Material for this task:
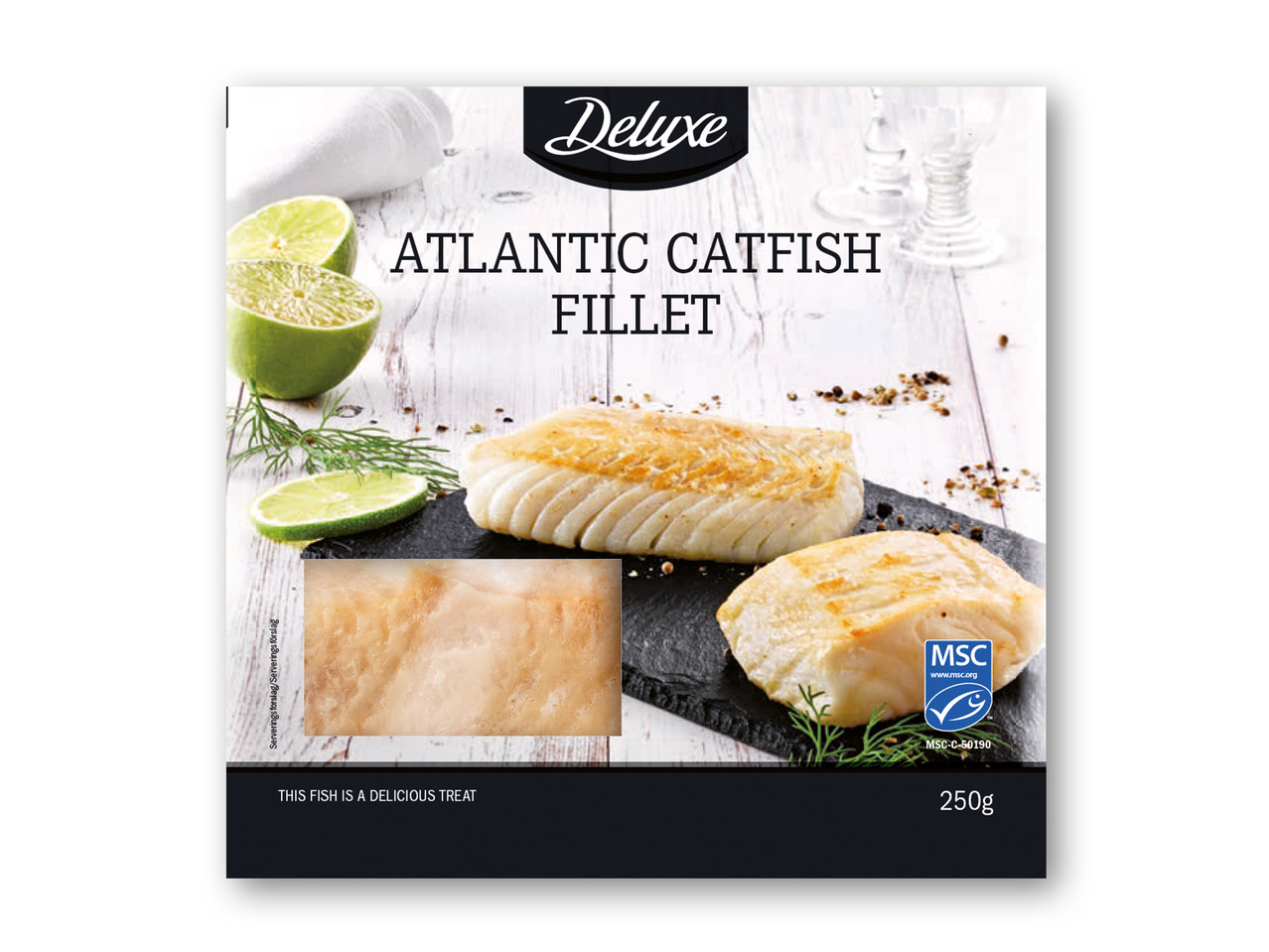 DELUXE Havkatfilet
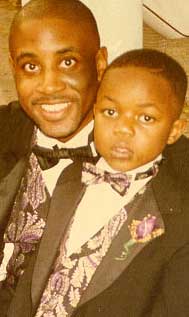 Kevin with his favorite nephew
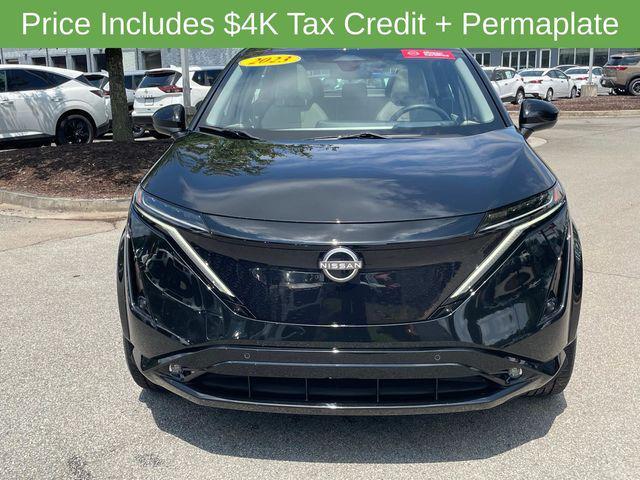 used 2023 Nissan ARIYA car, priced at $24,989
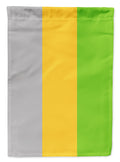 Lithromantic Pride House Flag 28x40 Porch Sleeve Pole Decorative Outside Yard Banner Artwork Wall Hanging, Polyester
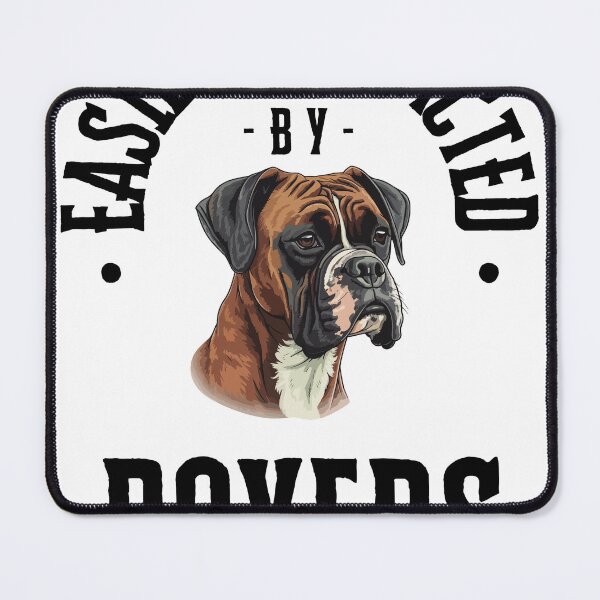 Item preview, Easily distracted by boxers designed and sold by RoxC'sTees.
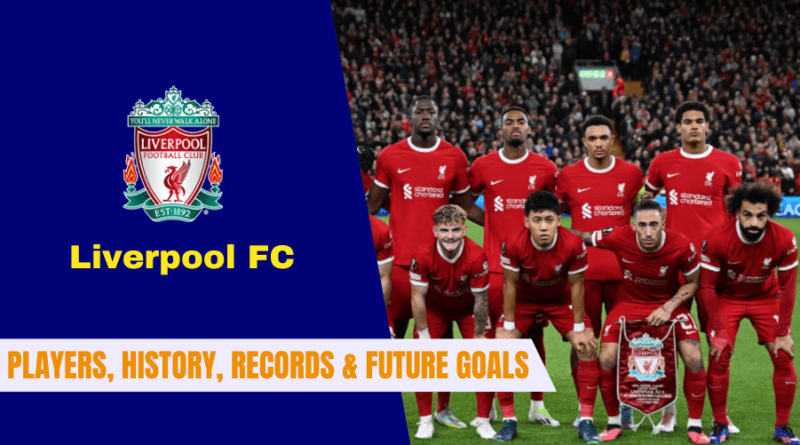 Here's everything to know about Premier League football club Liverpool FC's Players, History, Records, Achievements, and Future Goals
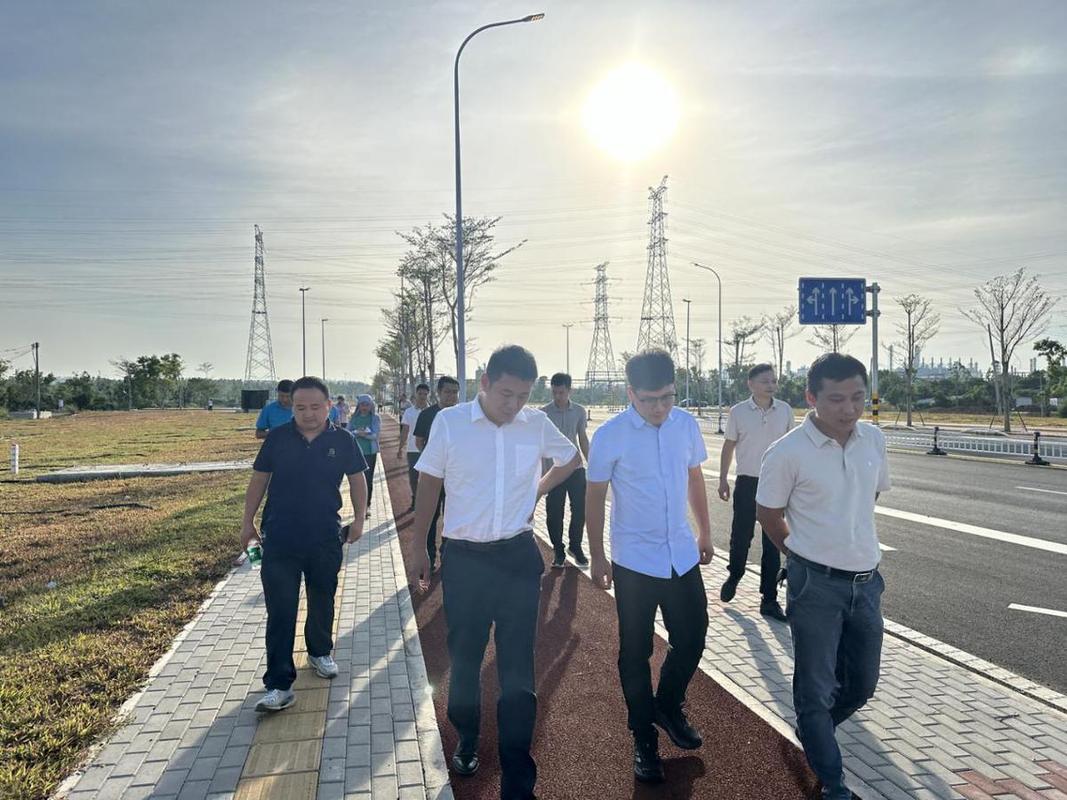 洋浦浦四路北延长线及桥梁工程项目顺利通过竣工验收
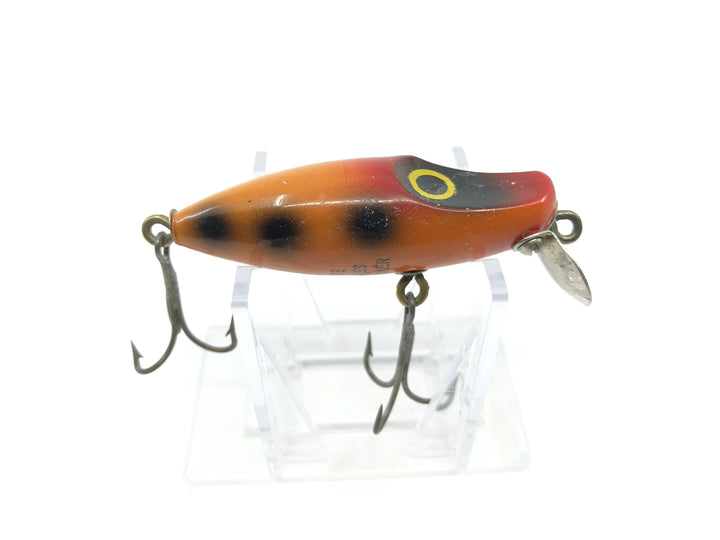 Millsite 500 Series Slow Sinker River Runt in Orange and Black Color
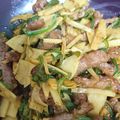 viviouji's cooksnap of when they made 青椒肉絲☆牛肉とピーマンのオイスター炒め.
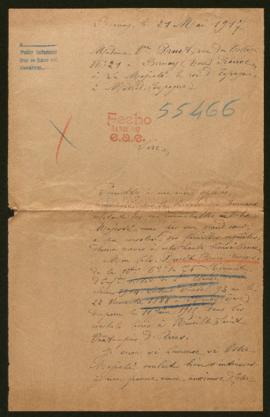 Expediente de Henri Georges Druet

Goal of the exercise: Repeat word for word the lines from the one holding "Lithromantic Pride House" through the last line of the listing above, including both ends. Drop the pictures.

Expected output:
 Lithromantic Pride House Flag 28x40 Porch Sleeve Pole Decorative Outside Yard Banner Artwork Wall Hanging, Polyester
 Item preview, Easily distracted by boxers designed and sold by RoxC'sTees.
 Here's everything to know about Premier League football club Liverpool FC's Players, History, Records, Achievements, and Future Goals
 洋浦浦四路北延长线及桥梁工程项目顺利通过竣工验收
 Millsite 500 Series Slow Sinker River Runt in Orange and Black Color
 viviouji's cooksnap of when they made 青椒肉絲☆牛肉とピーマンのオイスター炒め.
 Expediente de Henri Georges Druet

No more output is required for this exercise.